Part 2: All-Permutation Tree Construction
Now that you have successfully implemented the standard BST, the second half of the assignment is to explore how the order of insertion effects the shape (and in particular height) of a BST. We will do this by creating every possible permutation of input order, building a separate tree for each, and keeping track of the raw counts of each height from 0
to n-1
. Warning: The all-permutation problem is going to create n!
trees; do not make n
large here or you will have a bad time.
The allBuild()
Function
The allBuild()
function also takes in a list of type std::pair<K,V> (key, value)
but instead of producing a single tree, you should produce a separate tree for all possible permutations of the input dataset (each permutation using the full input list). The return of allBuild()
is a histogram of the number of trees of a particular height built.

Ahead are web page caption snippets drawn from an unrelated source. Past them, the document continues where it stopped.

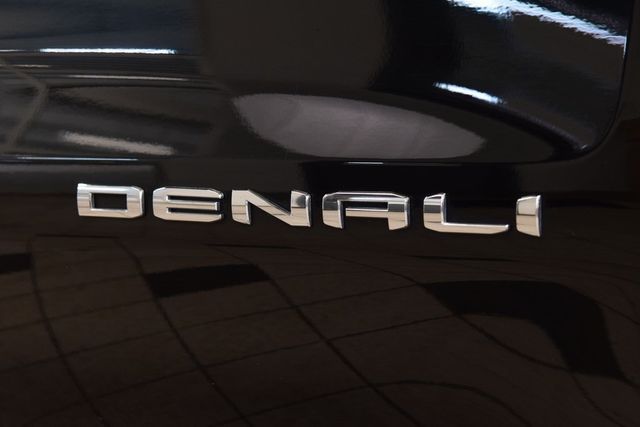 2024 GMC Sierra 1500 4WD Crew Cab 147" Denali Ultimate - 22967249 - 16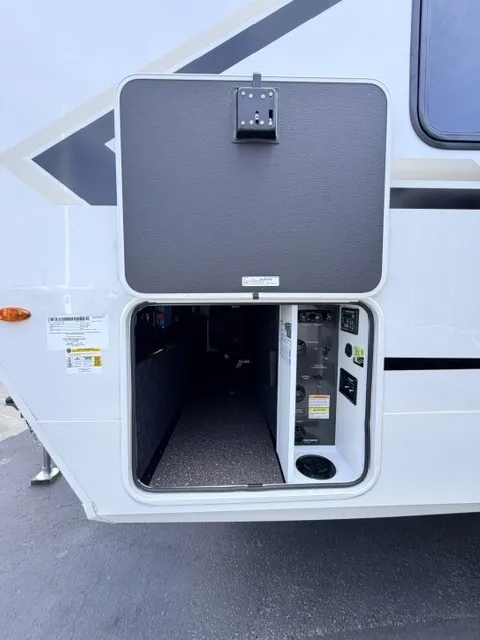 2027 Keystone Cougar HT TT 26LBW - Photo 4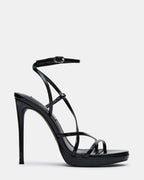 WESS VERNIS NOIR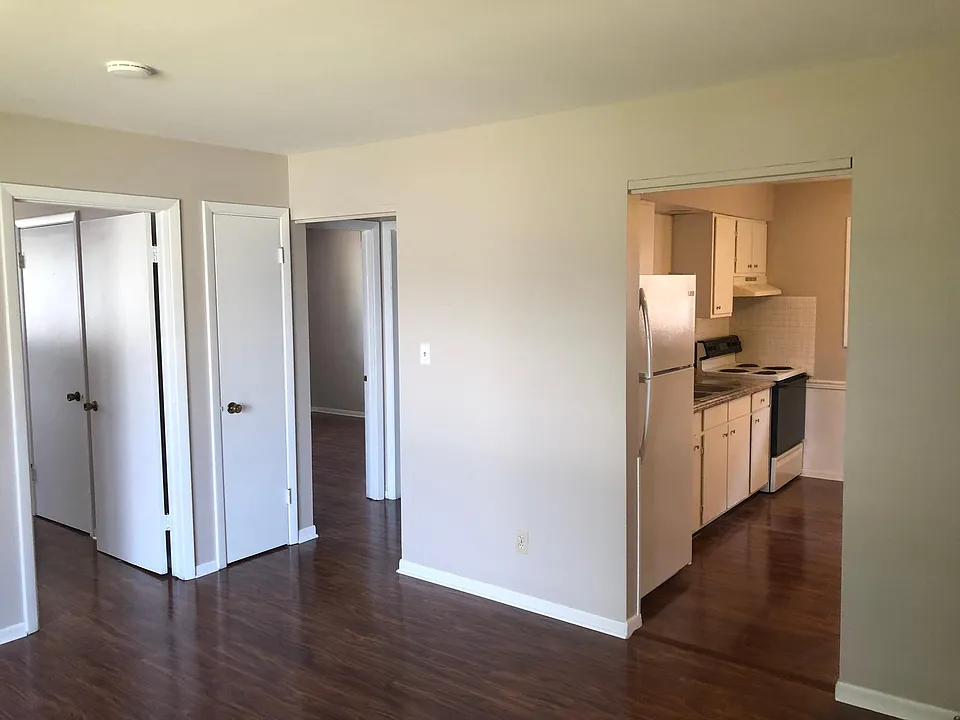 316 S 2nd St #D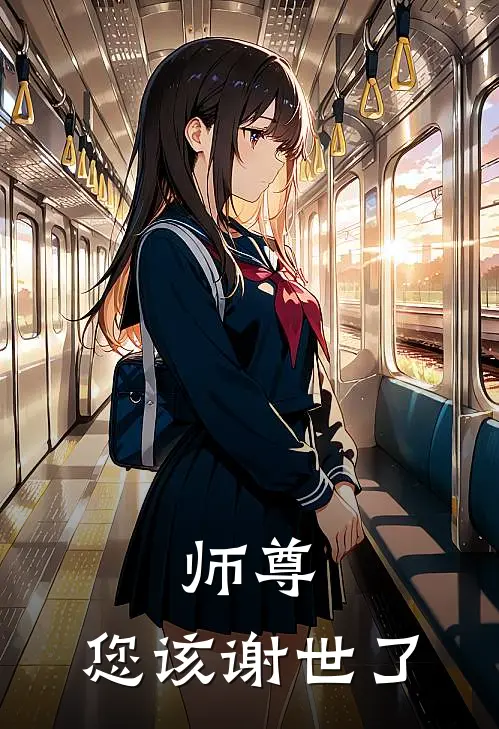 师尊，您该谢世了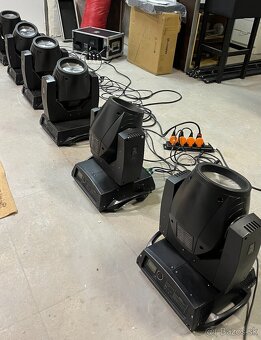 BEAM 190w halogen - 3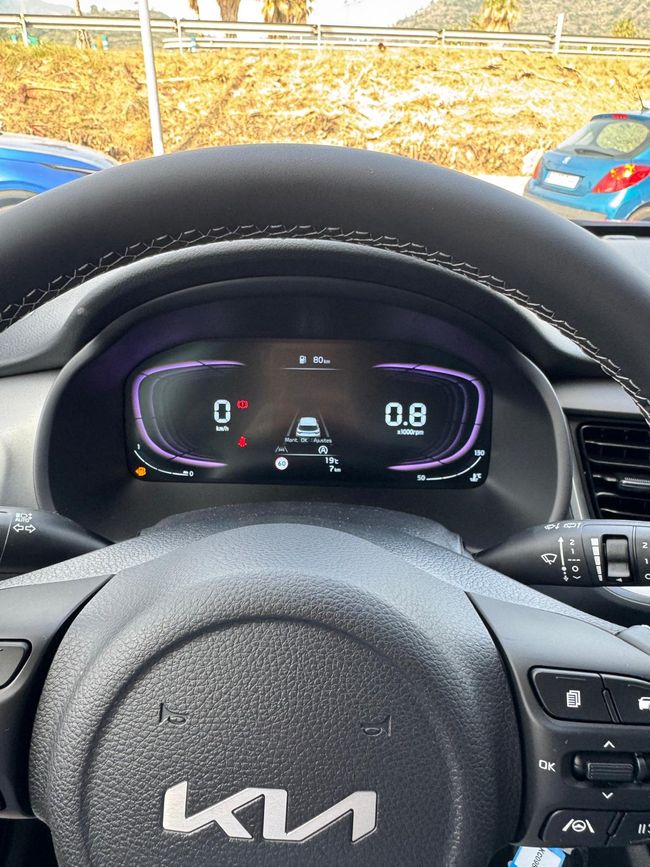 Kia Stonic 1.2 DPi 58kW (79CV) Concept  - Foto 7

This information should be stored in an std::vector<int>
of size n
where the total number of trees with height h
is stored at index v[h]
. For simplicity, you should assume that there will always be at least one input item in the vector (and thus the vector starts at height 0
and not height -1
).
For example, if my input list is [(K1, V1), (K2, V2), (K3, V3)]
, then the expected output is {0, 2, 4}
as there are 3!
permutations of the list, two of which will result in a tree of height 1 and four of which will result in a tree of height 2.
HINT: While you can manually construct all permutations, you may find it useful to use the C++ function next_permtuation. Given an input vector, this function will rearrange the items in the vector into the next largest configuration (its in-order-successor) and will stop once it has reached the largest possible ordering. So if you start from the smallest possible configuration (a completely sorted vector), you can produce all possible permutations with no hassle.
Testing Your Code
Run the Catch tests as follows (this requires your code to compile when run simply as make
):
make test
./test
You may find it helpful for debugging purposes to print your tree. We have provided a void BST<K, V>::print(std::ostream& out, bool order) const
with default arguments so this can simply be called as such
BST<int, int> tree;
...
tree.print();
We also have provided another entrypoint in entry/bst.cpp
to run examples of the implemented functions. You can mutate this file as you see fit to run the examples, and buld / execute with
make bst
./bst
Submitting Your Work
The following files are used in grading:
bst.h
bst.hpp
All other files including any testing files you have added will not be used for grading.